Sie stammt von der ETH Zürich und illustriert, wie sich das Klima diverser Städte rund um den Globus bis ins Jahr 2050 verändern wird. Die Forscher stellen darin einen Match her: zwischen dem künftigen Klima, das sich unter einem optimistischen Erwärmungs­szenario in der einen Stadt einstellen wird, und dem aktuellen Klima einer anderen Stadt, wie es heute existiert.

Bern

Ein Ergebnis: Bern wird sich 2050 temperatur­mässig anfühlen wie Mailand heute. Und zwar besonders im Sommer. Die Maximal­temperatur im Juli beträgt in der Bundes­hauptstadt aktuell 22,3 Grad. Bis 2050 dürfte sie auf 27,2 Grad steigen – und wäre damit fast exakt so hoch wie heute in Mailand.

«Im Zuge der globalen Erwärmung verschiebt sich das Klima vieler Städte um Hunderte von Kilometern nach Süden», sagt Jean-François Bastin, Forscher für Ökosystem-Ökologie am Crowther Lab der ETH Zürich. «Wir können gewissermassen sagen: Bern macht eine klimatische Reise nach Norditalien.»

Wie sich die klimatischen Eigenschaften von Bern – von der sommerlichen Maximal- über die winterliche Minimal­temperatur bis zum Jahres­schnitt und den Niederschlägen – verändern, das zeigt die folgende Visualisierung.

Scrollen Sie nach unten, um den klimatischen Städtetrip zu starten.

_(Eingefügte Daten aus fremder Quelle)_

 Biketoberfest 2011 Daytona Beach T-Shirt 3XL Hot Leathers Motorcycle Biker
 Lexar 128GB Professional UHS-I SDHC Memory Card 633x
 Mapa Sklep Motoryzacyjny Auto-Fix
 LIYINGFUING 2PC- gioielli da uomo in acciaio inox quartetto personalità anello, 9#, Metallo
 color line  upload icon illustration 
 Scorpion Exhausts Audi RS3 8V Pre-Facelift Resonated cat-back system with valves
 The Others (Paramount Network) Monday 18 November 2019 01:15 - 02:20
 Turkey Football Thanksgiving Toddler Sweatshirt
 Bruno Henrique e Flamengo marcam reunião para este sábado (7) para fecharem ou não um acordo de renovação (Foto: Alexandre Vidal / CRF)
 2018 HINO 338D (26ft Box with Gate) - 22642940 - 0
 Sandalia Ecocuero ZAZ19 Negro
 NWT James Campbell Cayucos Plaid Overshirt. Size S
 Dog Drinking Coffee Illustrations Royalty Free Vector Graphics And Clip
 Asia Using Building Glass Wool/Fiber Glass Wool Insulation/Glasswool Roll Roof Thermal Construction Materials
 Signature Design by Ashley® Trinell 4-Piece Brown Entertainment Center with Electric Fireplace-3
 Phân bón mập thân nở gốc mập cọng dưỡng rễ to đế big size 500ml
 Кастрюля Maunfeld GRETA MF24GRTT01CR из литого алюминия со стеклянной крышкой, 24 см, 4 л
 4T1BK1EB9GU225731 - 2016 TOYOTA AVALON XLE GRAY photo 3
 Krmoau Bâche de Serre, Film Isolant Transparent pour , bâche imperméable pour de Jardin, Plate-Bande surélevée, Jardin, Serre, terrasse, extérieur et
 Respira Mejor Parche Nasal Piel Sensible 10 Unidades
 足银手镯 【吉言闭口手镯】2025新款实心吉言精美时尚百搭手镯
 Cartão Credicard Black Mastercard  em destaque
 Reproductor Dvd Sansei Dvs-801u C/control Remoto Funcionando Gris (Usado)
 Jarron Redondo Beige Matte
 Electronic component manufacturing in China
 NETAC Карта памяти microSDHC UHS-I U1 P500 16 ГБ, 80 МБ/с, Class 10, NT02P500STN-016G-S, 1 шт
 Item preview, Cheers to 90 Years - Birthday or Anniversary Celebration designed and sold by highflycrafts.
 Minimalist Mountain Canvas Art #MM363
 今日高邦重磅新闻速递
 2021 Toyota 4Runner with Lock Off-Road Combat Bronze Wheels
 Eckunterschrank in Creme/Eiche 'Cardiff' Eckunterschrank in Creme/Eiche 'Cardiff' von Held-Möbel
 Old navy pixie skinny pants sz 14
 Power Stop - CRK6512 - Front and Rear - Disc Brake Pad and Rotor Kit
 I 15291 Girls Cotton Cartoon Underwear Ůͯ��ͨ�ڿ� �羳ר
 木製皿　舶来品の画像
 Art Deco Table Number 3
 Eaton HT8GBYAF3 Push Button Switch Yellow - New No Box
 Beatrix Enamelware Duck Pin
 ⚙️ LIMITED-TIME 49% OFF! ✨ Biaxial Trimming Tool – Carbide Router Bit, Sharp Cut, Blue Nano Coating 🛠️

Das Klima in Bern erwärmt sich in den nächsten gut 30 Jahren also verhältnismässig stark und nähert sich bis 2050 jenem von Mailand an. Dieser Städte­vergleich der ETH ist kein akademischer Selbst­zweck. Er dient vielmehr dazu, das Ausmass des Klima­wandels zu veranschaulichen.

Oft wird bei diesem Thema mit abstrakten Zahlen hantiert. Das Pariser Klima­abkommen fordert zum Beispiel, dass der weltweite Temperatur­anstieg auf deutlich unter 2 Grad gegenüber dem vorindustriellen Zeitalter begrenzt wird. Was ein solcher Anstieg bedeutet, ist für viele Menschen allerdings nicht leicht nachzuvollziehen – es fehlt eine konkrete Vorstellung davon.

An diesem Punkt setzen die ETH-Forscher mit ihrer Studie an. Ihr liegt ein Szenario zugrunde, bei dem das Pariser Klimaziel knapp verfehlt wird – die globale Mittel­temperatur nimmt bis 2050 um ungefähr 2 Grad zu. Der Städte­vergleich soll dem Publikum ein Gefühl dafür geben, wie sich der Klimawandel unter diesen Umständen auf lokaler Ebene auswirkt.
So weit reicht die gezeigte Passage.